O chaver também cita possiveis "alterações" e "alienações" nos Escritos Pós-Mashiach, contudo, o chaver já se perguntou sobre os originais dos Escritos Pré-Mashiach? Os principais Códex que possuimos hoje, tal como o Alepo tradicionalmente defendido no meio judaico é datado de 925-930, enquanto a Septuaginta é bem mais antiga (sec VII a III a.C.). Partindo deste ponto surge uma dúvida, como ponte então haver pontos de desacordo entre o grego e o hebraico? Mais ainda, como pode haver desacordo entre hebraico e hebraico? Qual texto deveriamos preferir? Hebraico ou Grego? Não estou aqui dizendo que não há crédito nos textos, pois há e este jamais o perderá, mas quando se usa uma lógica para analisar as coisas, as mesmas devem ser usadas em outras de igual teor.

Outro ponto curioso é que o chaver cita uma coletânea de textos "alterados", mas não citou o primeiro que mencionei João 5.45-46, então o chaver concorda na legitimidade deste? Se sim, podemos concordar que João relatou os fatos segundos sua compreensão como Judeu do Sec. I? Se sua resposta novamente for positiva, caimos num dileta judaico, como o chaver compreende Memra? Ou será que este conceito deixou de ser judaico e se tornou "romanizado"?

Entretanto acima de tudo isso acho curioso o nível de ignorancia que nós (incluindo eu) como seres humanos temos em compreender a mente do Eterno, se O consideramos como o Adonai, como o Senhor o qual possui Todo o poder e é capaz de controlar todas as coisas, não conseguiria Ele cuidar da Sua Palavra? Onde entra o conceito de um Senhor supremo e acima de tudo ETERNO?

Qualquer judeu que realmente reconhece os conceitos bíblicos do judaimo é capaz de compreender as coisas que tenho dito.

Outro item que gostaria de aconselhar o chaver é a estudar um pouco mais sobre o processo de comunicação, pois o chaver unicamente se limita em compreender a mensagem, esquece do Emissor e do Receptor e os diversos fatores que eles contem.

Gostaria também de dizer que se uma pergunta realmente é sincera esta deve ser compreendida e respondida, mas se o único objetivo é um debate de acusação, é lixo!

Outro ponto que não deixarei passar aqui é a frase do chaver: "Para uma pessoa que 'abandona' o monoteísmo e se volta ao trinitarianismo, não deveria esperar muito mesmo", primeiro que para qualquer um que estude o processo de comunicação e argumentação, este tipo de colocação mostra total insegurança e falta de ética, espero que não seja o caso do chaver.

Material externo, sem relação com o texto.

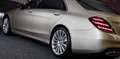 Mercedes-Benz S 500 4MATIC Lang AMG Line / Acc / Lane Assist / Dode Ho Gris - thumbnail 48
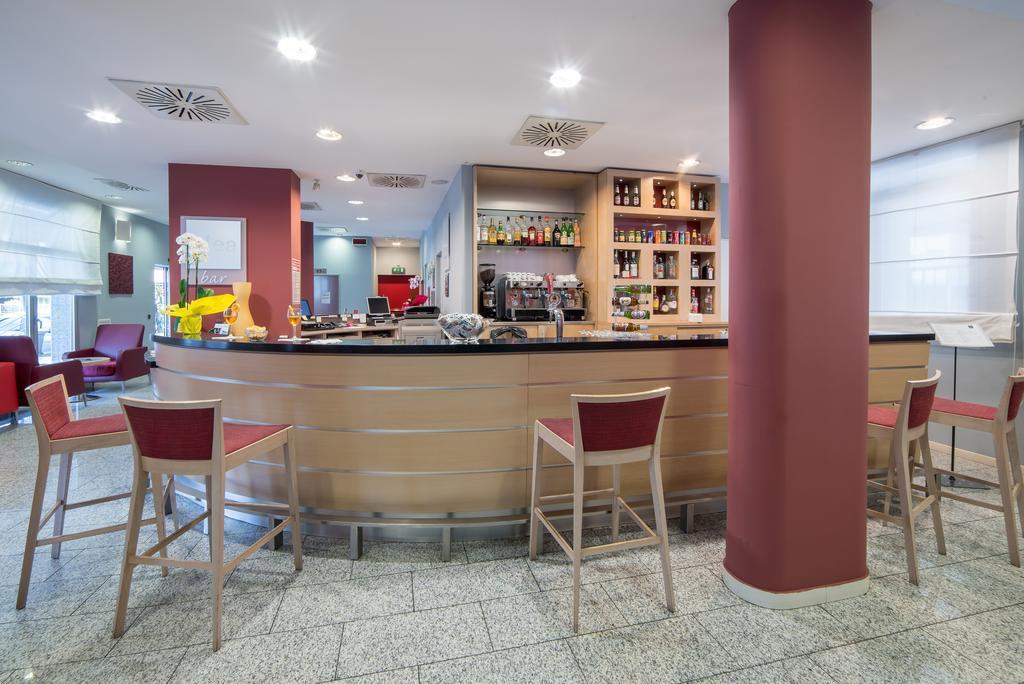 Idea Mirafiori 3*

Em segundo lugar o que vejo nessa frase é alguem que não compreende o que significa o termo ECHAD, se o Mashiach possui UM corpo, este tipo de pensamento de supremacia é realmente bíblico? Acho curioso o chaver pensar dessa forma, pois foi por causa de alguem com um pensamento como este que nosso povo sofreu o holocausto. Ou se esqueceu da supremacia ariana? Agora temos a supremacia judaica?

Vejo que o debate está realmente perdendo o seu foco (incluo nisto minhas argumentações), pois a discussão tornou-se: Judaismo vs. Cristianismo, e não mais trata-se de uma discussão teológica aberta a compreensão unicamente BÍBLICA!

Permaneçam na graça do Mashiach

פרירה disse...

Muito Bom esse artigo,irmão Igor!!!

Deus é amor. Era eternamente Amante. Mas o amor requer um objeto a ser amado; e, sendo eterno, deve ter tido um objeto de amor eterno, a saber, seu filho. O Amante eterno e o Amado eterno! O Vínculo eterno e o caudal desse amor é o Espírito Santo.

Abraço
Ferreira

@igorpensar disse...

Muito obrigado meu irmão Ferreira! Obrigado por nos lembrar o mistério da adoção inerente à trindade.